For us, the thought of traveling to Paris a little more than a month later was, at that moment, terrifying. However, as time passed, we, like millions of others, resolved to not let the terrorists win. On December 22, we flew to Paris. It was not until the next day that we saw, firsthand, how the attacks had failed to change the hearts of the French and, especially, the hearts of the Parisians.
Although soldiers were on the streets and at every monument and tourist attraction, the Parisians were back in their cafés. The heart of Paris was still beating, and it was very evident that no terrorist attacks could stop it.
Paris, like a phoenix risen from the ashes, was a kinder place than it had been before the attacks. The Parisians seemed to feel a love for their fellow man in a capacity greater than outsiders had previously believed possible. Even though Paris’ inhabitants appeared stronger than ever, evidence of both attacks was still present, serving as reminders of the past and as warnings of the possibility of future tragedies.
On Christmas Day, we were strolling through the Pére Lachaise cemetery, when we saw the resting place of Bernard Verlhac, better known as “Tignous.” He was a talented cartoonist and a victim of the Charlie Hebdo shootings. At that moment, reality hit, the attacks became very real, and I shed my first tears over the events of the past year.
As our time in Paris continued, we saw the resolve of the Parisians, but we also saw how the attacks had changed Europe and Europeans − and us. A new wariness was present, especially in communities with large Arab populations, like Paris’ Saint-Denis. After a trip to the suburb’s famous basilica, it was a relief to return to the center of Paris.
On New Year’s Day, we, along with the rest of the world, awoke to the news of the gang assaults on women in Cologne. These attacks, perpetrated by men who were believed to refugees, increased the wariness all Europeans were already feeling. In addition, the incidents in Cologne, along with the other incidents that came to light afterward, left us with feelings of impotence. How could anyone, man or woman, resist an attack by such a large number?
In late January, reports surfaced in newspapers like the Daily Mail claiming Harald Neymanns, a spokesman for the German Interior Ministry, admitted the German government cannot account for the whereabouts of hundreds of thousands of refugees. This news, as it made its way through the right-wing press only weeks after the attacks in Cologne and Hamburg, left an impression on the European psyche, regardless of its validity.
Today’s attacks in Brussels, reported by CBS News as resulting in the deaths of at least 13 people and injuries to dozens of others, will only increase the wariness and fear already felt by most Europeans.

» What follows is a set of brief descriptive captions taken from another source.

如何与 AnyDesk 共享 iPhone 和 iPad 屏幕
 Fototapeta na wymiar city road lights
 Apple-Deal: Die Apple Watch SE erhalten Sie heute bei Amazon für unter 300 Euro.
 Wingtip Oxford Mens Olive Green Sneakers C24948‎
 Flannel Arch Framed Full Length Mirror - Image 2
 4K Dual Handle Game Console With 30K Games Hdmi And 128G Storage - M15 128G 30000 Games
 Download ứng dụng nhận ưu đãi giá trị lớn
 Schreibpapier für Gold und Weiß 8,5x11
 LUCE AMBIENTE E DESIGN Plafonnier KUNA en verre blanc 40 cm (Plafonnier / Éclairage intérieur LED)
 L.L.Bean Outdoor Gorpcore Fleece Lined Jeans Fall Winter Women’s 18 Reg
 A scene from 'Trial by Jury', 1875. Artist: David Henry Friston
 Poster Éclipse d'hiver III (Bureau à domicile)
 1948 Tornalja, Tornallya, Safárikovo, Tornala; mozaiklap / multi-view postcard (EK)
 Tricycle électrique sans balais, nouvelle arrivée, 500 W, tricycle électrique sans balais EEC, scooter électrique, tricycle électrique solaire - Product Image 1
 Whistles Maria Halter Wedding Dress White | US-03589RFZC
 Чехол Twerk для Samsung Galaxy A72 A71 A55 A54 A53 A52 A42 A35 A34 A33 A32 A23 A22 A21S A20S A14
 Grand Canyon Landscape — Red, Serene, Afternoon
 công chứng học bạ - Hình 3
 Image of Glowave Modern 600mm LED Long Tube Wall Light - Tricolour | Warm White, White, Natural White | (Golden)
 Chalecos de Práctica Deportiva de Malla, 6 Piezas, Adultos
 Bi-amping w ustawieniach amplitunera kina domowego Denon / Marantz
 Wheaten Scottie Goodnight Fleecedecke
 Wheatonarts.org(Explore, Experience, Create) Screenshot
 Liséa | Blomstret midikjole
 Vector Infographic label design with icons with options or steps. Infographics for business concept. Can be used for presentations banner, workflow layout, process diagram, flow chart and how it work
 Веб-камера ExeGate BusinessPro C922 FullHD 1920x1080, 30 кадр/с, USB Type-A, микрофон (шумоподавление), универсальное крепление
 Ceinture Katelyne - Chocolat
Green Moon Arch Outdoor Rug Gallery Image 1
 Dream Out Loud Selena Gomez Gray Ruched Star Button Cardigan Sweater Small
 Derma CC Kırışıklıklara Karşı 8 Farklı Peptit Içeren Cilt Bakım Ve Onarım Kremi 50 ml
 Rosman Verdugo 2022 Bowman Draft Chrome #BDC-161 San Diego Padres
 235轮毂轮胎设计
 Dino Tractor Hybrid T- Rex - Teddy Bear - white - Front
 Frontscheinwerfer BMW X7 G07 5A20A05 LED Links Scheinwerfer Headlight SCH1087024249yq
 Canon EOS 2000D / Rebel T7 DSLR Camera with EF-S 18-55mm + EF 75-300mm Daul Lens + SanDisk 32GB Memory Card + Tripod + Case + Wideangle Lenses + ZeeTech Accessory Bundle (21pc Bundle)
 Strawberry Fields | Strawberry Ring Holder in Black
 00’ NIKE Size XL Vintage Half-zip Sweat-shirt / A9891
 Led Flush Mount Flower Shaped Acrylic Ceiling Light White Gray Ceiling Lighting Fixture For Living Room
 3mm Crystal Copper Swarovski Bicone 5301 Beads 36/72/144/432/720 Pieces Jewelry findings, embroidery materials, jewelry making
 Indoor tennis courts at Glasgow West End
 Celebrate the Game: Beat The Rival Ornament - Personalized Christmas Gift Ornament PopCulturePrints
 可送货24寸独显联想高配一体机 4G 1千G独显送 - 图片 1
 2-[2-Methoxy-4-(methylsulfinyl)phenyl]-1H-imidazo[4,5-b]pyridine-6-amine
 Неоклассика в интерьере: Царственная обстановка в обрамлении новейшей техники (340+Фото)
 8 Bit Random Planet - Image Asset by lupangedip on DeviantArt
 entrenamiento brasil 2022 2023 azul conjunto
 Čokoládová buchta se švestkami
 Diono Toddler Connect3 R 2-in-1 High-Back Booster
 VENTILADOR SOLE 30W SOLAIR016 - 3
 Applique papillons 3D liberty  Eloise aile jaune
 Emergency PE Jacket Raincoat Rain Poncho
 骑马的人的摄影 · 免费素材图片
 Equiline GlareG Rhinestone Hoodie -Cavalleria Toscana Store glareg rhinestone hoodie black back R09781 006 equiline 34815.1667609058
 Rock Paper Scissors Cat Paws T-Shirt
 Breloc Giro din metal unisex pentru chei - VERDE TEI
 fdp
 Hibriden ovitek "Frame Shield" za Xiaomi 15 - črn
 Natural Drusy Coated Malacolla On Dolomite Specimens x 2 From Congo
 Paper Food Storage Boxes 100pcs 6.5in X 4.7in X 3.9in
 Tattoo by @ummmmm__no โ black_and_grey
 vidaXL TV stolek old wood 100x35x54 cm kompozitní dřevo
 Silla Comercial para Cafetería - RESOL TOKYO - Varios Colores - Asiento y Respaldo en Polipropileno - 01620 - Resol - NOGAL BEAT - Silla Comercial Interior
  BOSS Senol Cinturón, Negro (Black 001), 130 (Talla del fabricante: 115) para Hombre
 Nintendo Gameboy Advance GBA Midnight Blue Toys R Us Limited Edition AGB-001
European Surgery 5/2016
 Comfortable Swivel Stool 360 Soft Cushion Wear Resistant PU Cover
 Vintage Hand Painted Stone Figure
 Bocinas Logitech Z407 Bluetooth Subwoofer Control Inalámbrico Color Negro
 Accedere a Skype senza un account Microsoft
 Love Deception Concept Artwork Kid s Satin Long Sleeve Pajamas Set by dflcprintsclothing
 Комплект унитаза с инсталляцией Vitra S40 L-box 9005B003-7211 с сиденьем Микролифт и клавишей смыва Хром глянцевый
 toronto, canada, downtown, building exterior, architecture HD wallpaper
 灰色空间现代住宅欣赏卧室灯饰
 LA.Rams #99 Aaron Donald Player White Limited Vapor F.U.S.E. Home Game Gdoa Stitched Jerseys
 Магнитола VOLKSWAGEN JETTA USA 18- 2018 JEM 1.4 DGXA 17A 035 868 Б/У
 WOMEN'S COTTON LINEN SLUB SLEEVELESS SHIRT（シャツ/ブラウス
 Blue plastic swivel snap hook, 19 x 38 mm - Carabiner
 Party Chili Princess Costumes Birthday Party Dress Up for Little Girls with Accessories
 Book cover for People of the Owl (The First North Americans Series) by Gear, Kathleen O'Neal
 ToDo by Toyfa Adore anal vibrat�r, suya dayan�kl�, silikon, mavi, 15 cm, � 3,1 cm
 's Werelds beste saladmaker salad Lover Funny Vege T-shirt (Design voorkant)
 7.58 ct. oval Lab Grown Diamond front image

Additionally, today’s attacks will also increase the antipathy many Europeans feel toward German Chancellor Angela Merkel for opening the floodgates to millions of refugees, many of whom average Europeans believe to be not refugees, but terrorists.
As the details of today’s tragedy emerge, it is being suggested that the attacks in Brussels are related to the November attacks in Paris and may be the work of the same terrorist cell. Until we know more about the suicide bomber who set off the explosives in the airport and the source of the explosions in the Brussels metro, we are unable to determine whether the attacks in Brussels are home-grown terror or terror resulting from the influx of refugees. For the average European, perhaps it does not even matter.
Europeans are tired of being targets, and change will soon have to come to Europe because the people will demand it. Unfortunately, it remains to be seen whether European leaders will listen to those they represent. Hopefully, they will follow the lead of French President Francois Hollande, who has just shut the border between France and Belgium as a result of the attacks and take the steps necessary to protect their people.